Ghostwriting for the C-Suite: When Your Best Work Has Someone Else's Name On It

On the quiet craft of putting the right words in someone else's mouth, and why that work is worth doing.

Seneca Bailey

3/3/20263 min read

A small ghost decoration on a stack of black cardboard.
A small ghost decoration on a stack of black cardboard.

There is a particular kind of professional satisfaction that does not come with attribution.

You spend a week inside a leader's thinking. Learning how they process complexity, what they care about, how they want to be understood by the people who follow them. You draft something. It goes through a round or two of refinement. And then it goes out under their name, to thousands of employees, and it lands.

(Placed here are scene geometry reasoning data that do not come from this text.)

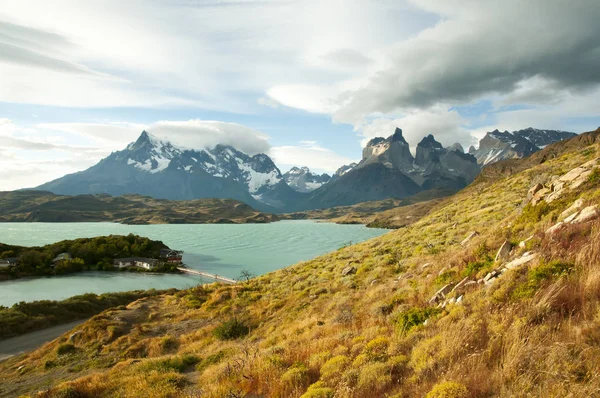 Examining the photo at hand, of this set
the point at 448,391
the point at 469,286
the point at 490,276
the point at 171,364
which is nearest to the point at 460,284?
the point at 469,286

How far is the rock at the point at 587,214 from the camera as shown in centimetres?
1134

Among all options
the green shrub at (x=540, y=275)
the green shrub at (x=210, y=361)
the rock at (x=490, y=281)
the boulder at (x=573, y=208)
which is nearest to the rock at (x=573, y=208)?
the boulder at (x=573, y=208)

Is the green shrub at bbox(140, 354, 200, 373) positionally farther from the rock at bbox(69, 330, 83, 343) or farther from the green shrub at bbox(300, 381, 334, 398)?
the rock at bbox(69, 330, 83, 343)

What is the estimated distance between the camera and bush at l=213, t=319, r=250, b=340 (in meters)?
22.6

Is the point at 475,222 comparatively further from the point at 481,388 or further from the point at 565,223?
the point at 481,388

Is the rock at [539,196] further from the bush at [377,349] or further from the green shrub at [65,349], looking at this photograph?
the green shrub at [65,349]

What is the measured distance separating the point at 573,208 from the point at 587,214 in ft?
5.42

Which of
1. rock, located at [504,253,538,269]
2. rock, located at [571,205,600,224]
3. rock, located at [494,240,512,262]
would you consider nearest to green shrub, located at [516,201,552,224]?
rock, located at [494,240,512,262]

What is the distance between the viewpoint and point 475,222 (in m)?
28.7

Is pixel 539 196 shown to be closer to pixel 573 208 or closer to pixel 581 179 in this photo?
pixel 581 179

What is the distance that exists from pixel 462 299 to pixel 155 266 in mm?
120117

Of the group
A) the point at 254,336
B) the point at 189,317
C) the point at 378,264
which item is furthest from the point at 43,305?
the point at 378,264

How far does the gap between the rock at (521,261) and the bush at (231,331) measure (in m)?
17.7

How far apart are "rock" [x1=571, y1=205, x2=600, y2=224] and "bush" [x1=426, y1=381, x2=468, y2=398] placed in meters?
9.26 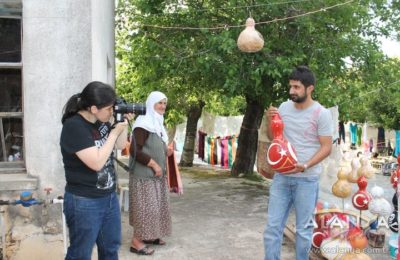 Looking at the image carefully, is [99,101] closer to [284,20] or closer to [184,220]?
[184,220]

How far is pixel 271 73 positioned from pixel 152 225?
3159mm

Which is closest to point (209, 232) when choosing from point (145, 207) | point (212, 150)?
point (145, 207)

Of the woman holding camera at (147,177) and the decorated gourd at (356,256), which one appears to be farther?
the woman holding camera at (147,177)

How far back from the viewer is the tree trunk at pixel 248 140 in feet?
33.2

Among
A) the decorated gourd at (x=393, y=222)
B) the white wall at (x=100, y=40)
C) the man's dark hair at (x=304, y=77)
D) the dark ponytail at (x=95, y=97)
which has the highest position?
the white wall at (x=100, y=40)

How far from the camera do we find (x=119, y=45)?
11656 millimetres

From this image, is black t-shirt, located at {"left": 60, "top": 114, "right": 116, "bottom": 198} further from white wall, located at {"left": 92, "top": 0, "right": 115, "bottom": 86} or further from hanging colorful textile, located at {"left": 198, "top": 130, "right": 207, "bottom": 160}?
hanging colorful textile, located at {"left": 198, "top": 130, "right": 207, "bottom": 160}

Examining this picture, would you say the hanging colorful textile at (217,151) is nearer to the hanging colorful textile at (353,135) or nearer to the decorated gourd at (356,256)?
the hanging colorful textile at (353,135)

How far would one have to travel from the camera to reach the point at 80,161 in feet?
8.37

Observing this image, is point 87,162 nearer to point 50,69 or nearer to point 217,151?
point 50,69

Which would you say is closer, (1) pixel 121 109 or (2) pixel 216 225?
(1) pixel 121 109

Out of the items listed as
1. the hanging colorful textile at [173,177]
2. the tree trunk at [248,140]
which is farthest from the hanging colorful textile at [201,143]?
the hanging colorful textile at [173,177]

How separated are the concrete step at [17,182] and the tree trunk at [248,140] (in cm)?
685

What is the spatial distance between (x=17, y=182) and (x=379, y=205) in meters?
3.22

People reference it in meetings. A manager tells their team: did you read what the CEO wrote last week? That is what we are actually doing. Someone pulls a line from it in a town hall Q&A.

Your name is nowhere. And that is exactly how it should be.

Executive ghostwriting is one of the least-discussed and most consequential forms of organizational communication. Most senior leaders — even those who are genuinely skilled communicators — do not have the time or the specific craft to translate everything they know into clear, consistent, enterprise-ready messaging. That is not a failure. It is a reality of the job. The role of a trusted communications partner is to close that gap without anyone noticing the seam.

What makes it work is not writing skill alone, though that matters. What makes it work is a kind of deep listening that most people do not practice deliberately.

You have to understand what the leader is actually trying to accomplish with a given communication — not just what they asked you to write, but why, and for whom, and what success looks like. You have to learn their voice well enough to write something that does not read like a draft they approved, but like something they actually said. And you have to know when to push back — when the message they want to send is not the message the moment calls for.

That last part is where the trusted advisor function comes in. A ghostwriter who only executes is not really serving the leader. The most valuable version of this work involves genuine partnership: the leader brings context, credibility, and vision; the communications partner brings craft, audience perspective, and an honest outside read on whether the message will land as intended.

I think the reason this work does not get discussed more is that it requires a comfort with invisibility that not everyone has — or wants. Careers are built on attribution. Thought leadership has a byline. The instinct to make your contribution legible is a reasonable one.

But there is something clarifying about work where the only measure of success is whether it worked. Did the message reach people? Did it mean something to them? Did it help the organization move in the direction it needed to move? If yes, then it worked. The absence of your name on it does not change that.

Over time, this kind of work teaches you things about communication that more visible work does not. You develop sensitivity to the gap between what a leader intends and what an employee will actually hear. You get very good at finding the simplest true version of a complex idea. You learn that most organizational messages fail not because the writing is bad, but because the thinking behind them is not finished yet — and that your most important job is sometimes to help the leader finish thinking before anything gets written at all.

The best executive communications feel effortless from the outside. They sound like the leader. They address what employees are actually wondering. They are honest without being alarming, direct without being cold, confident without overpromising.

That effortlessness is crafted. Carefully, collaboratively, and almost always without acknowledgment.

If you do this work — or are considering it — I would offer this: the invisibility is not a cost. It is part of the job, and it can be a source of genuine professional meaning, if you let it be.

Your best work might never have your name on it. That does not make it any less yours.